Mohammed Sami in his studio. Photograph: Rii Schroer/eyevine

Mohammed Sami can never anticipate what the subject of his next painting will be. “The things I articulate in my artwork are memories hidden in the brain cells that are waiting for a trigger,” the Iraqi-born artist says in his London studio, which is lined with large-scale paintings. “So whenever the trigger is available, then the image comes.”

He points to one titled Slaughtered Sun, a figure of speech in Arabic to describe sunset. A burnt orange sky casts an unearthly glow over wheat fields gouged by heavy purple furrows – they could be tractor tracks, but the blood-red pools in the foreground hint at latent violence. “I was drinking coffee and I saw bike tracks on a puddle in London,” Sami says. “This connected me immediately with the tracks of American tanks during the 2003 invasion and the flattened fields.”

The artist, who emigrated to Sweden in 2007 as a refugee, was a standout of last year’s exhibition Mixing It Up: Painting Today at the Hayward in London and the 2020 Towner Eastbourne’s biennial. This month he has his first major UK solo show, at Modern Art in London.

Sami’s paintings are generally devoid of figures but nonetheless have a human presence, whether he is depicting claustrophobic domestic interiors, haunting landscapes or charged ordinary objects.
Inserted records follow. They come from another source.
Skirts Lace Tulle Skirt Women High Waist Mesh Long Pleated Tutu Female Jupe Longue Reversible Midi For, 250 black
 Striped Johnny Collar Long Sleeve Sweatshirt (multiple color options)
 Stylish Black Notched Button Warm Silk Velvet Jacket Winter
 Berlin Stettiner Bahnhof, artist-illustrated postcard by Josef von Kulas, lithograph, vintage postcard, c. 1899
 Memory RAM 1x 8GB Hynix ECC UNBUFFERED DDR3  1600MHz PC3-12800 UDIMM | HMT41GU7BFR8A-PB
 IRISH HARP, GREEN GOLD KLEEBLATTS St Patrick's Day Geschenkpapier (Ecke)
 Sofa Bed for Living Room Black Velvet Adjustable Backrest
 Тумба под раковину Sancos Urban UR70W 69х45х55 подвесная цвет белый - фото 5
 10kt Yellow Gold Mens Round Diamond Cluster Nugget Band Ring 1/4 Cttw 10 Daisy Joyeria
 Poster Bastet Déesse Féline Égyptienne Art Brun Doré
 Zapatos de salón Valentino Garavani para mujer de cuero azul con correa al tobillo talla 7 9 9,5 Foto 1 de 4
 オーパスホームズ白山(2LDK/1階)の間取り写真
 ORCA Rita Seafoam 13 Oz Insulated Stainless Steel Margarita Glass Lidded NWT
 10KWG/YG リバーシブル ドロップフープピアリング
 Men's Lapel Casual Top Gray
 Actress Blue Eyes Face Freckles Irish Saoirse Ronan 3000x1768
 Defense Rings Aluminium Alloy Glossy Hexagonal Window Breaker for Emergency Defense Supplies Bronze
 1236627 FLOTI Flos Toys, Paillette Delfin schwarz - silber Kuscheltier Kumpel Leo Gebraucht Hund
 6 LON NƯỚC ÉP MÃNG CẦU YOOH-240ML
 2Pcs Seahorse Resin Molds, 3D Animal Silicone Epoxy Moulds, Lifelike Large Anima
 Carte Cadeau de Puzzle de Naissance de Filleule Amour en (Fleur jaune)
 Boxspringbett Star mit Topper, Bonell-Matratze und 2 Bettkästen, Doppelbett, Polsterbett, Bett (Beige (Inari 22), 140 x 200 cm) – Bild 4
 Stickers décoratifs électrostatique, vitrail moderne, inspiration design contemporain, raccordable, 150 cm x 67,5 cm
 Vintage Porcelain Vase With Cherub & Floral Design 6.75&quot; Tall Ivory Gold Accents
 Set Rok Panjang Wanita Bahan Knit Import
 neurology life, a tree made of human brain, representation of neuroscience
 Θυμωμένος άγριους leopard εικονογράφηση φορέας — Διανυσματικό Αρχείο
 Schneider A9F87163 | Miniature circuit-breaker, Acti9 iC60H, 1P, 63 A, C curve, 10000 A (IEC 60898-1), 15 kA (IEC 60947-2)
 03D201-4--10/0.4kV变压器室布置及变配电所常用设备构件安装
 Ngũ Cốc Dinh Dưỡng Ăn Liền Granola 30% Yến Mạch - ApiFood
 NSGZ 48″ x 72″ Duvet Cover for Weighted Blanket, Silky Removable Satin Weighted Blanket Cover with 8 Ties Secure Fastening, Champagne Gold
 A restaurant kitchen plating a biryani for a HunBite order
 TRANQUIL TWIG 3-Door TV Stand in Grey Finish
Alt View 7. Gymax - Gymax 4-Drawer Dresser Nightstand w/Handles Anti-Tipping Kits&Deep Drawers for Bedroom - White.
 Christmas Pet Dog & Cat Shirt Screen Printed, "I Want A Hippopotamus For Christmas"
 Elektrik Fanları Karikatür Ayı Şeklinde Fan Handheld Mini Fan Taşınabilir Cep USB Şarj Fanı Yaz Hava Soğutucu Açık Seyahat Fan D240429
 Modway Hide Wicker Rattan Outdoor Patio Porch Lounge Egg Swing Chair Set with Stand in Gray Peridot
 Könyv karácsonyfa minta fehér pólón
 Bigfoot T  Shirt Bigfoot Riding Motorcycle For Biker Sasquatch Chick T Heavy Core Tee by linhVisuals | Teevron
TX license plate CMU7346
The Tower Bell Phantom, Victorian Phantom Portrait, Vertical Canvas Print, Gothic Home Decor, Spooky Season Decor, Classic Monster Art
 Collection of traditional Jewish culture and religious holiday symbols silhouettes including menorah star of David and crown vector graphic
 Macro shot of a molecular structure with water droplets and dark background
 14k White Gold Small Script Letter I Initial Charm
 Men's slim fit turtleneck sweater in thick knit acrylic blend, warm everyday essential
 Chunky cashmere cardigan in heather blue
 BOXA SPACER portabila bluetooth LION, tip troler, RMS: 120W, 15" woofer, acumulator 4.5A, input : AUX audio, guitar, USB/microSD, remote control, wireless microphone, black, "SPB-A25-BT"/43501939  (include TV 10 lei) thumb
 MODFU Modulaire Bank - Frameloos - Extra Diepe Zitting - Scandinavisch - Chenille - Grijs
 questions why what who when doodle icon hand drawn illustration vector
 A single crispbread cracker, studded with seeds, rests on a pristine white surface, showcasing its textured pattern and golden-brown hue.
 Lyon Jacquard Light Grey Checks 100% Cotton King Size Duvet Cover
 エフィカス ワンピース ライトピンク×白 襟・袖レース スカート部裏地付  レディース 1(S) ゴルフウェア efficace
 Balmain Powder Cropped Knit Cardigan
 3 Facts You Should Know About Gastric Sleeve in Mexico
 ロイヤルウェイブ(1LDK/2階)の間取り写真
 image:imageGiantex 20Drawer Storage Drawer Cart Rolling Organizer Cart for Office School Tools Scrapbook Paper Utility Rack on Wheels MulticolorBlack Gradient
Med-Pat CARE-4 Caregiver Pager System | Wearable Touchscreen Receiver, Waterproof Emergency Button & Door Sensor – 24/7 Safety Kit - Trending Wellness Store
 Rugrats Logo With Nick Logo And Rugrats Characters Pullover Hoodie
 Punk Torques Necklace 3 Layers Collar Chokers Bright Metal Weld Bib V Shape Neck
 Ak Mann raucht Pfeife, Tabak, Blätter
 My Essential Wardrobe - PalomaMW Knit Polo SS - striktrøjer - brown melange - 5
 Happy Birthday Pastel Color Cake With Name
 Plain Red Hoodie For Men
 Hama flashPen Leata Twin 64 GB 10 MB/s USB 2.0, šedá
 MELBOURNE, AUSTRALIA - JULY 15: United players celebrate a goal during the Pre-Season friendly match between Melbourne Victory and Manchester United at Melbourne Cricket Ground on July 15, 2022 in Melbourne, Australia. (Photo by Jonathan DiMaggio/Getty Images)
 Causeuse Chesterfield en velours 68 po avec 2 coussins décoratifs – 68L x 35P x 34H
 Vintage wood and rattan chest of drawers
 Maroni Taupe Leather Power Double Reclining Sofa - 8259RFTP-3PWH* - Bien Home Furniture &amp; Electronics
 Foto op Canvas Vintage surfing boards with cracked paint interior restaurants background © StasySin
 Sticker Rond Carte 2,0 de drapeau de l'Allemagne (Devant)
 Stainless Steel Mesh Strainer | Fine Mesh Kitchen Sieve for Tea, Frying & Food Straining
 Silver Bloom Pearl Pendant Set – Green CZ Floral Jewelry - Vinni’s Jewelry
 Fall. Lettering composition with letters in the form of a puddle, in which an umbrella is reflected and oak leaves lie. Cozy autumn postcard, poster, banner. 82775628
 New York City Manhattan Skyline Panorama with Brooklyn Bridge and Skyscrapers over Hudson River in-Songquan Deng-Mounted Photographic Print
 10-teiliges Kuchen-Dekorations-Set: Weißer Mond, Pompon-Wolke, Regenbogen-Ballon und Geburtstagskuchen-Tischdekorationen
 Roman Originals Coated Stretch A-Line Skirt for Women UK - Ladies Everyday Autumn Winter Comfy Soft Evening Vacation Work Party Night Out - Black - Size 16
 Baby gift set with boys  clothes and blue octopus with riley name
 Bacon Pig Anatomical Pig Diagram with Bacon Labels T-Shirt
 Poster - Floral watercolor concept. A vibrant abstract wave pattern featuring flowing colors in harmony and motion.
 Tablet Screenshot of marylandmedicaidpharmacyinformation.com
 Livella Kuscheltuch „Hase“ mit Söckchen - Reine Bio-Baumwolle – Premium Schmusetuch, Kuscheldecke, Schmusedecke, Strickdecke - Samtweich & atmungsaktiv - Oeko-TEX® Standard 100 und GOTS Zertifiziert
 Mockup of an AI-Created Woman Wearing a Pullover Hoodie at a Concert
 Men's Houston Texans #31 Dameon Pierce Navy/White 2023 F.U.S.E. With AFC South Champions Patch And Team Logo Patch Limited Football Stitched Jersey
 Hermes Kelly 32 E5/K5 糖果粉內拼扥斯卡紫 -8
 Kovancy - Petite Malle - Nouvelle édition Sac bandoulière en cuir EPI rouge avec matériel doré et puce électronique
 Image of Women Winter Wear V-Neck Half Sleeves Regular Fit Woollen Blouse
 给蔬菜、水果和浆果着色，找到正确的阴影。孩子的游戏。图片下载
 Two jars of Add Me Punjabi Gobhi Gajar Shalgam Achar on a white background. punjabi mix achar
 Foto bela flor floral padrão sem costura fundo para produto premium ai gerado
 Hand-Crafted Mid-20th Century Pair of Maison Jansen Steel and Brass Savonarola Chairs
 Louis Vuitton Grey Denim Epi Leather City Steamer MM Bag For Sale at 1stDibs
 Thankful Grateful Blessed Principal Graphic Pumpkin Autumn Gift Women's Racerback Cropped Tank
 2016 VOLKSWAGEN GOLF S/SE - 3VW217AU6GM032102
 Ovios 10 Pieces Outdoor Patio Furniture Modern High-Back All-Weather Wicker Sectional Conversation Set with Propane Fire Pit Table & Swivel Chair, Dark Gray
A shadow of a spider plant can metamorphose into an ominous invader, or chairs in a parliamentary hall become a vast graveyard. Rife with ambivalence, mimicking the unreliability of memory, Sami’s hallucinatory paintings have a way of getting under the skin. One huge canvas, actually titled Skin, portrays human-size pink and red patterned rolls that resemble carpets or leather-bound tomes, and yet the horror of flayed flesh simultaneously comes to mind.